Global Finance, Sep 1999 by Marriott, Cherie

The next big challenge for newly listed Web companies will be trying to find strategic investments to achieve growth via acquisition. At the moment there is too much money chasing too few good ideas. Not only are the listed companies competing with venture capital firms that are showing a huge interest, but governments are raising cash as if there was no tomorrow. China, Hong Kong, and Singapore have raised a collective $ 176 billion for young entrepreneurs with good ideas."We now have A$20 million in the bank to spend, and the pressure is on for us to acquire companies," says Bill Gair, chief operating officer at Travel. com.au in Sydney, referring to the cash raised in its float on the Australian Stock Exchange in April. "Having shareholders to answer to changes the whole dynamic of the company. We have to promise rapid growth, and we have to deliver."

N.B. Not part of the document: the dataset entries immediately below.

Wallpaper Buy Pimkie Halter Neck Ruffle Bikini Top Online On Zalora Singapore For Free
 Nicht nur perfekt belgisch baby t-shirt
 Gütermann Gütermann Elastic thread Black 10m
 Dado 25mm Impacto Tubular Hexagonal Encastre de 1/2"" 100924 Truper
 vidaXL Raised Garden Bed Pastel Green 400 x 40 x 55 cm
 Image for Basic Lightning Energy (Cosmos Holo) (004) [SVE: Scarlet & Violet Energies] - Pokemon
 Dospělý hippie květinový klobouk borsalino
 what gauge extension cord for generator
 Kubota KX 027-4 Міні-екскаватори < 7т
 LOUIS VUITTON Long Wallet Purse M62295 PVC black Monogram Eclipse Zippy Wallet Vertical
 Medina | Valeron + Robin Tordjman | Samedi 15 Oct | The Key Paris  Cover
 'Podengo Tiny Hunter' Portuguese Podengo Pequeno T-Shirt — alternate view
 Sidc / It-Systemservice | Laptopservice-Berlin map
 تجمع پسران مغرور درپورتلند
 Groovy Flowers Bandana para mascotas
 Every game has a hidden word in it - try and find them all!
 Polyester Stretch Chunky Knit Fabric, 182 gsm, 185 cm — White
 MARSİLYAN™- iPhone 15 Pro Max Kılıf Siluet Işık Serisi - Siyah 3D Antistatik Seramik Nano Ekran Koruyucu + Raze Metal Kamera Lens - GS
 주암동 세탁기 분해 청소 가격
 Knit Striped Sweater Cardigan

Executives at China.com are said to have set a rigid schedule of at least a dozen announcements each month to keep the market enthusing about the stock, though insiders at the company say pickings are slim, and there are very few good start-ups available at reasonable valuations. Rapid growth will also be difficult to achieve while the infrastructure supporting the Internet in Asia remains poor. Wireless technology may be the buzz in Silicon Valley, but in Asia most users are surfing the Net using a slow dial-up connection on rickety old telephone lines.The wider business community also needs educating to ensure the success of E-commerce in the region.

Internet entrepreneurs in Asia have to be prepared to evangelize. Nearly every start-up in the region is breaking new ground, making it necessary to educate, coax, and console stakeholders every step of the way. It took financial Web sites in Hong Kong months to negotiate access to real-time quotes from the local stock exchange, for example.

There is still no guarantee that the Internet business model being employed in the United States will work in Asia."Because there are no other benchmarks available, we tend to value Asian Internet companies based on the success of similar models in the United States," says the chief operating officer of a private equity firm in Hong Kong, which has investments in a number of small Web businesses."We then discount this by between 50% and 80%, depending on how many years we think it will take for that particular company to reach the same maturity as its US counterpart,' he says.